Taxed by Rome in 1302
Rathregan church and graveyard
A mile or so from the village crossroads, the ruined medieval church and graveyard at Rathregan are the oldest things in the parish. A church here is listed in the ecclesiastical taxation of Pope Nicholas IV in 1302-06, and the rectory of Rathregan was among the possessions of the Augustinian priory at Newtown Trim until the priory was suppressed in 1540. The headstones in the graveyard run back to the 15th century, and the recorded monument is the anchor point of the local heritage trail. It is a quiet, overgrown, genuinely old place, with tales of Gaelic clans and Norman lords attached to it.
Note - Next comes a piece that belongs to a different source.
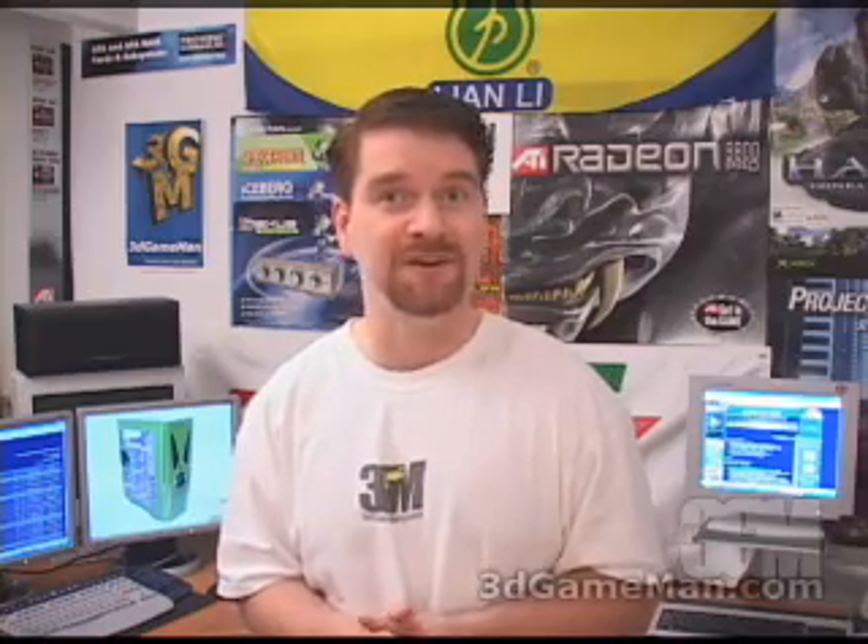Pop up my website at www.3dgameman.com, and while you're there you can go to the forums and register — registration is completely free. Also keep in mind you can find out a lot more on this product in the forums. Until the next time, take care.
Worth ten minutes if you are passing.
Open 1863, closed by 1963
The station that the road outlived
Batterstown had its own railway station on the Dublin to Navan line, opened on 1 July 1863. Passenger services were withdrawn in 1947, goods traffic limped on until 1961, and the station closed completely in 1963 - one of hundreds of small Irish country halts that the car and the bus quietly killed off in the mid-20th century. The line itself is long lifted here. In a village called 'the town of the road', it is a neat irony that the railway was the thing that did not last.
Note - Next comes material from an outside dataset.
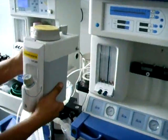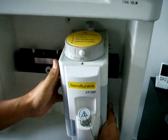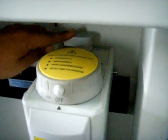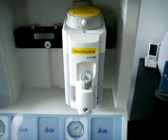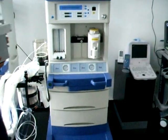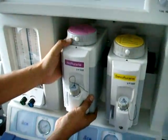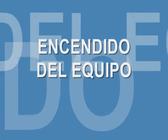Para finalizar la instalación procedemos a hacer el montaje de los vaporizadores. Para esto debemos introducirlo de manera vertical sobre el equipo y asegurarlo con la perilla en el fondo. De igual manera hacemos con el segundo vaporizador en la máquina de anestesia y lo aseguramos con la perilla del fondo.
Caffrey's, and a guest list to be sceptical of
The 1640 pub
Caffrey's of Batterstown claims a founding date of 1640, which would make it one of the oldest pubs in the county, and a local legend that both the Duke of Wellington and Daniel O'Connell drank within its walls. Treat the precise dates and the famous-drinkers list with the same healthy distrust you would bring to any pub's own history. What is not in doubt is that it is the social centre of the village, a long-running family business, and the one place in Batterstown you would actually plan to stop.